↓↓↓

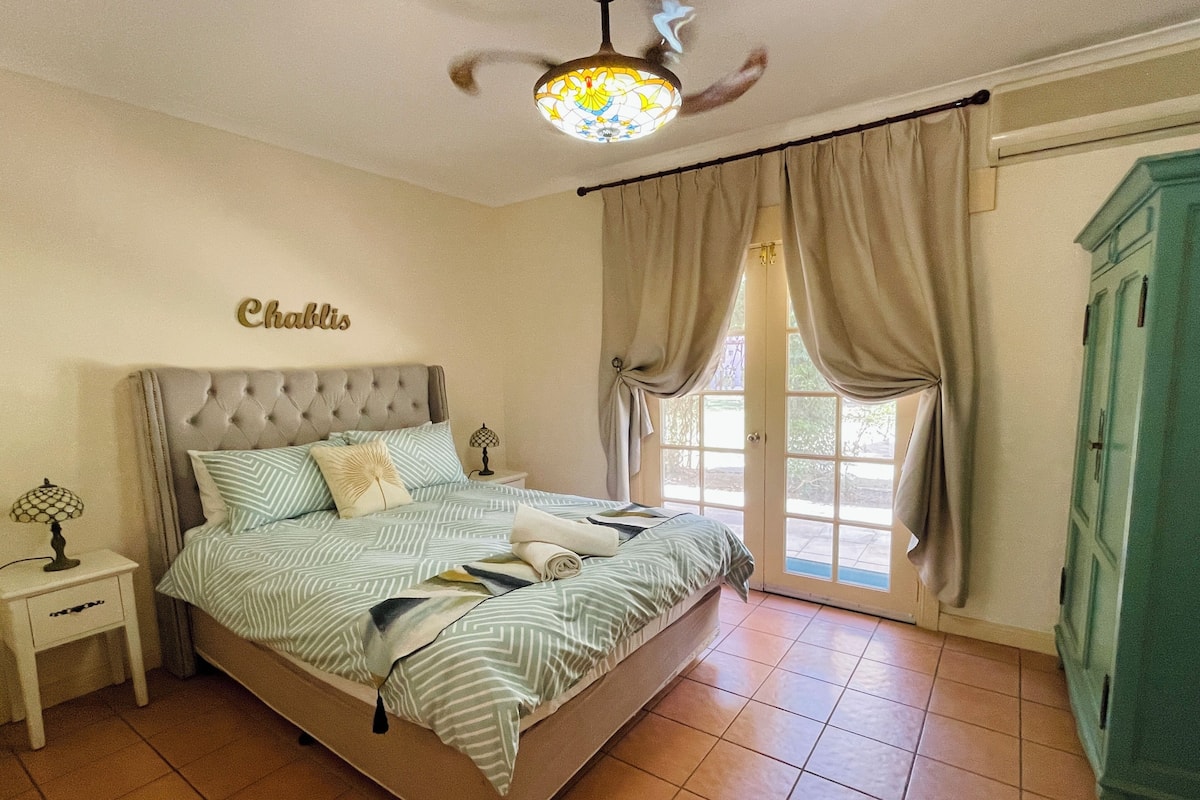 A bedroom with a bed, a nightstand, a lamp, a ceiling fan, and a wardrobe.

↑↑↑
↓↓↓

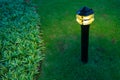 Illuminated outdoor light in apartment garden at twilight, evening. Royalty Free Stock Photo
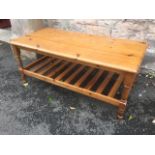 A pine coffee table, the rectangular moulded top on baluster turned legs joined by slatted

↑↑↑
↓↓↓

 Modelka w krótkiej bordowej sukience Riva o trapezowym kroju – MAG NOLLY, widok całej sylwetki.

↑↑↑

Prompt — Using the records above, return word for word the lines that begin at the one containing "Illuminated outdoor light" and end at the one containing "A pine coffee", both of them included and no pictures.

Answer space —
 Illuminated outdoor light in apartment garden at twilight, evening. Royalty Free Stock Photo
 A pine coffee table, the rectangular moulded top on baluster turned legs joined by slatted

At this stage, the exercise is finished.